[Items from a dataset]

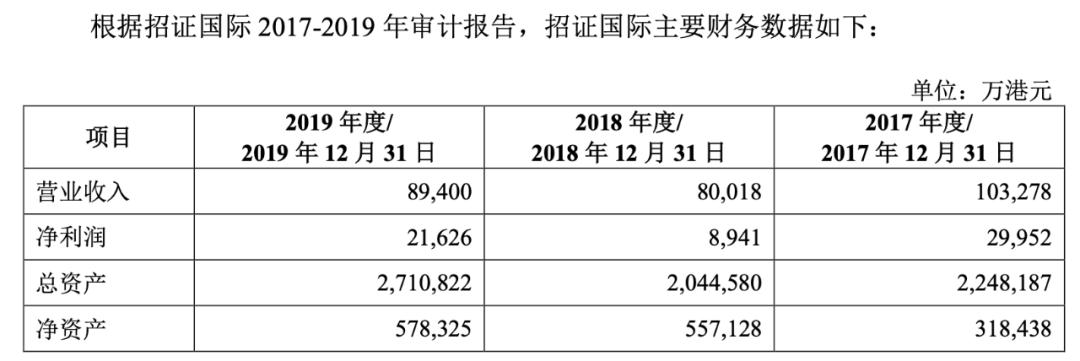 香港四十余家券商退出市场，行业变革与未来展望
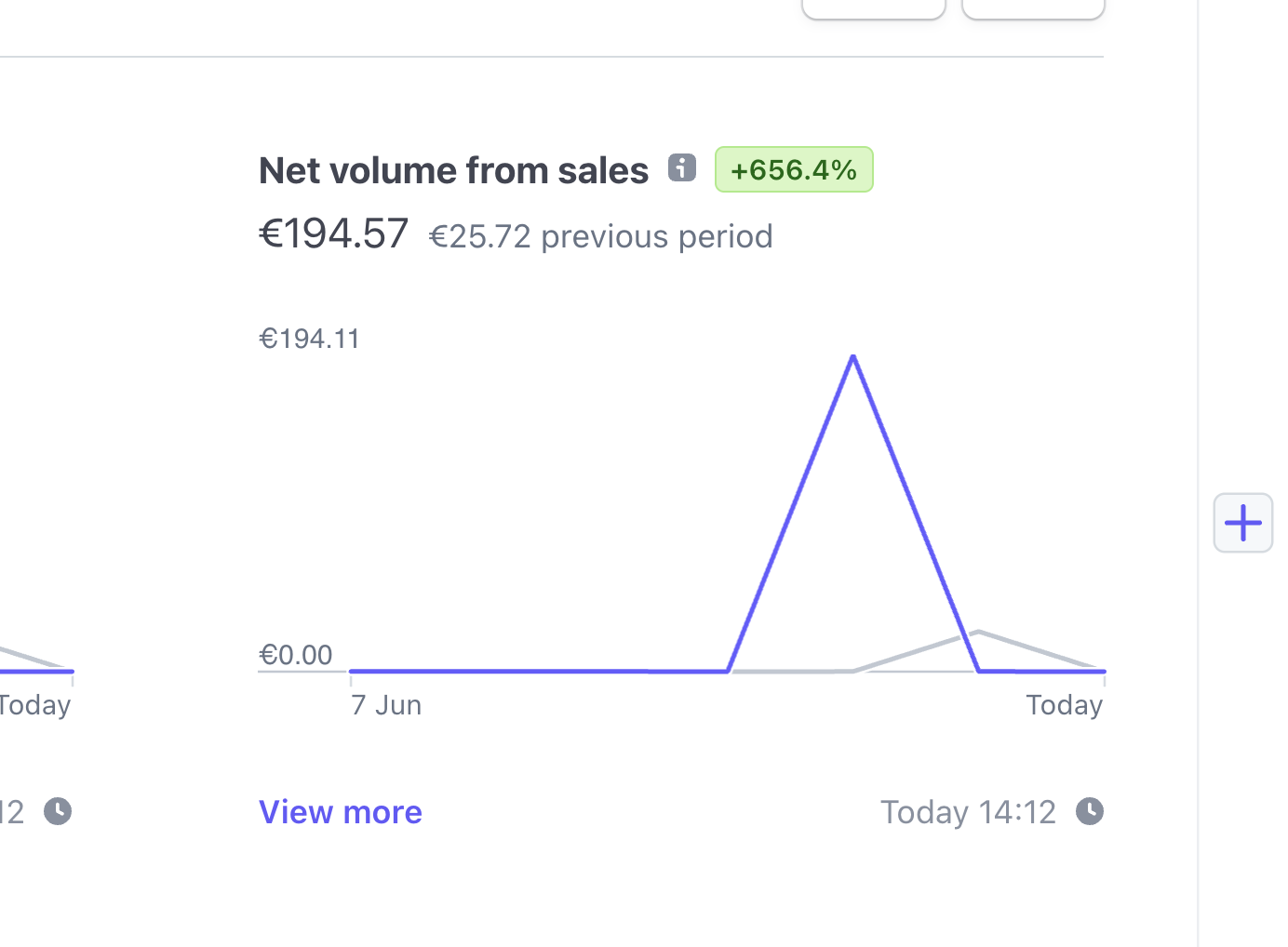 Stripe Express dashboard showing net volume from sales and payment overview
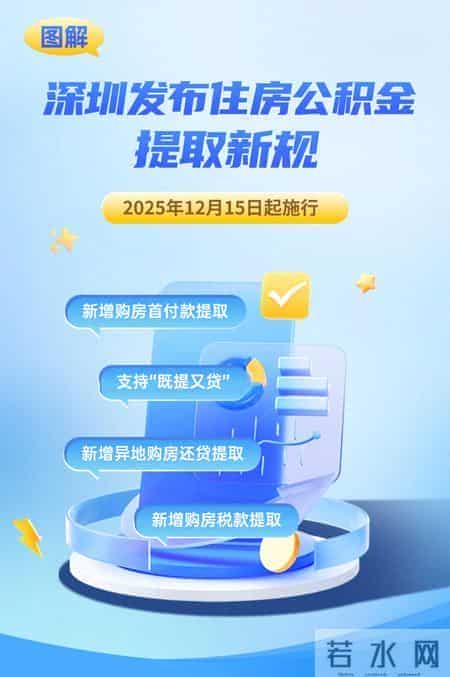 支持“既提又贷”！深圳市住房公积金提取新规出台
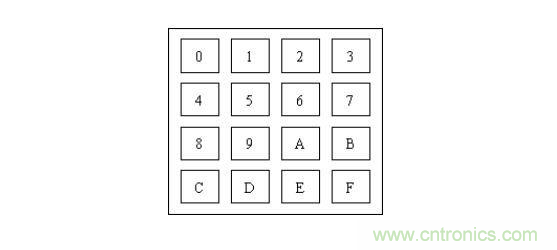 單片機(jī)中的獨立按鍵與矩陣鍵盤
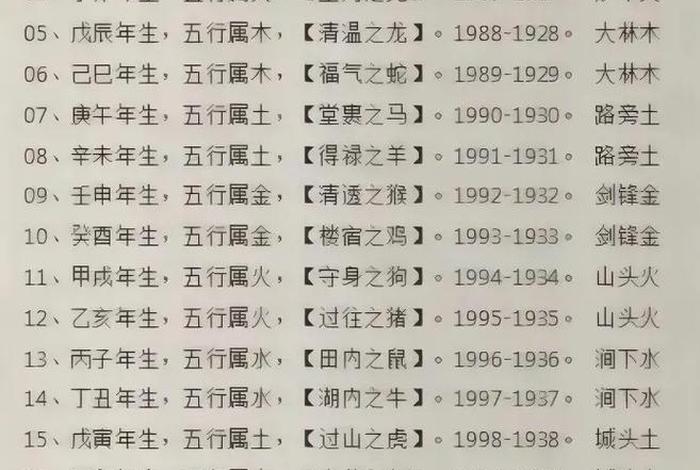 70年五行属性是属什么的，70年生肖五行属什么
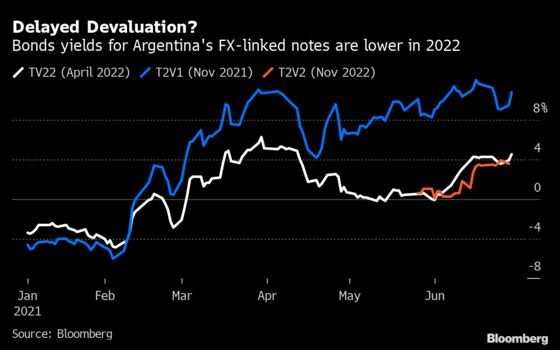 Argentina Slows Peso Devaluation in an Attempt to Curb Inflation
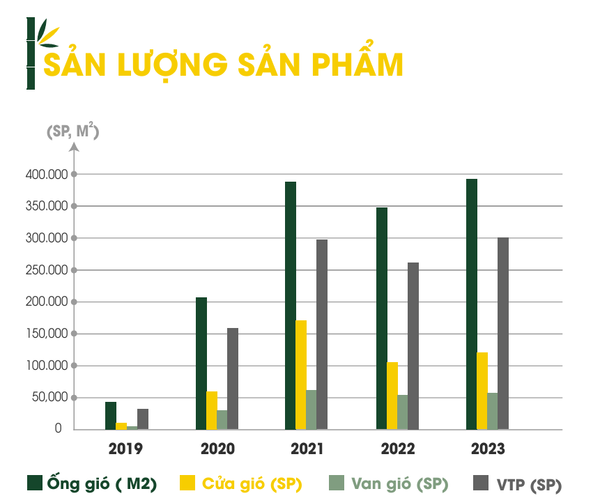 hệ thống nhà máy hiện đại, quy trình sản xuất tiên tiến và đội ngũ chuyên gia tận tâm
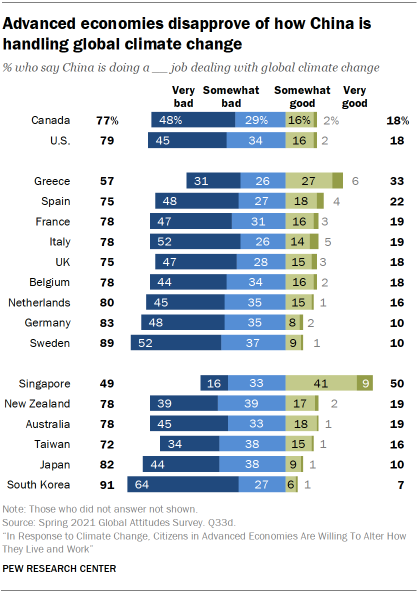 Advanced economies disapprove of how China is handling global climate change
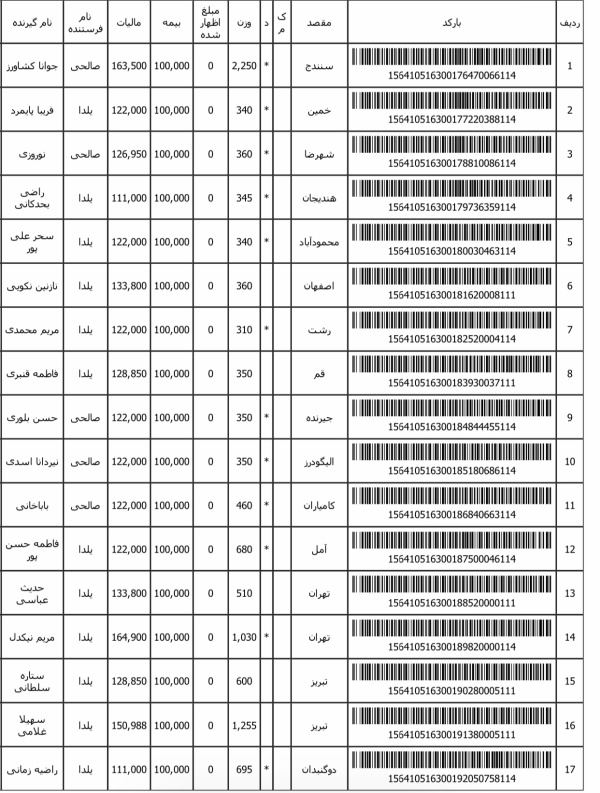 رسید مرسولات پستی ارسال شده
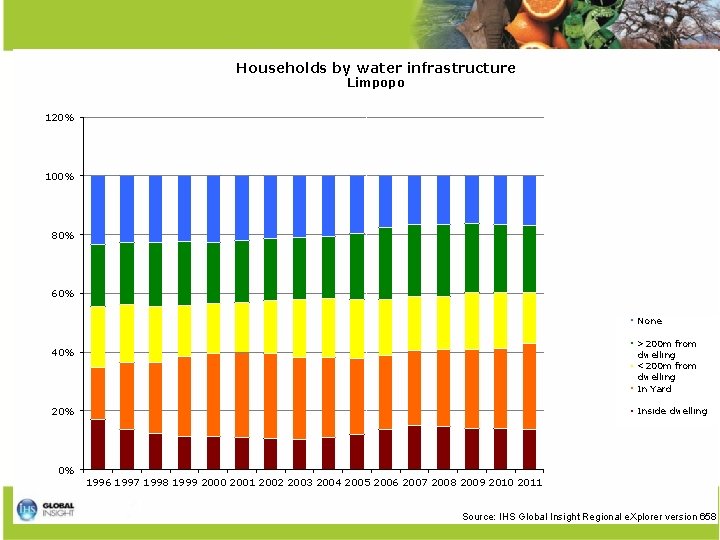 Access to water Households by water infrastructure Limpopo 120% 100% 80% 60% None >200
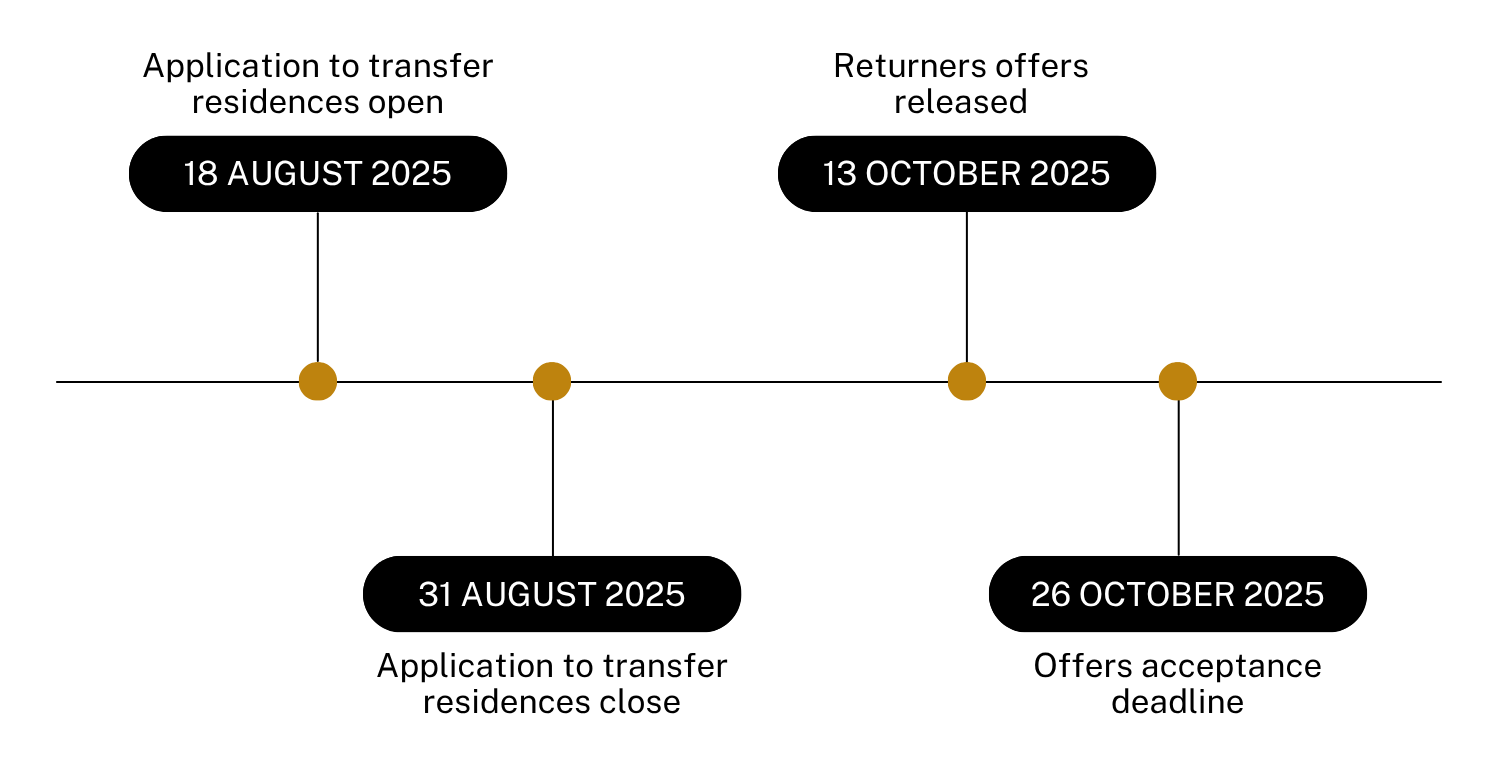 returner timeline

Required action ▸
Your answer must be an exact copy of the data above, minus its pictures.

Result ▸
 香港四十余家券商退出市场，行业变革与未来展望
 Stripe Express dashboard showing net volume from sales and payment overview
 支持“既提又贷”！深圳市住房公积金提取新规出台
 單片機(jī)中的獨立按鍵與矩陣鍵盤
 70年五行属性是属什么的，70年生肖五行属什么
 Argentina Slows Peso Devaluation in an Attempt to Curb Inflation
 hệ thống nhà máy hiện đại, quy trình sản xuất tiên tiến và đội ngũ chuyên gia tận tâm
 Advanced economies disapprove of how China is handling global climate change
 رسید مرسولات پستی ارسال شده
 Access to water Households by water infrastructure Limpopo 120% 100% 80% 60% None >200
 returner timeline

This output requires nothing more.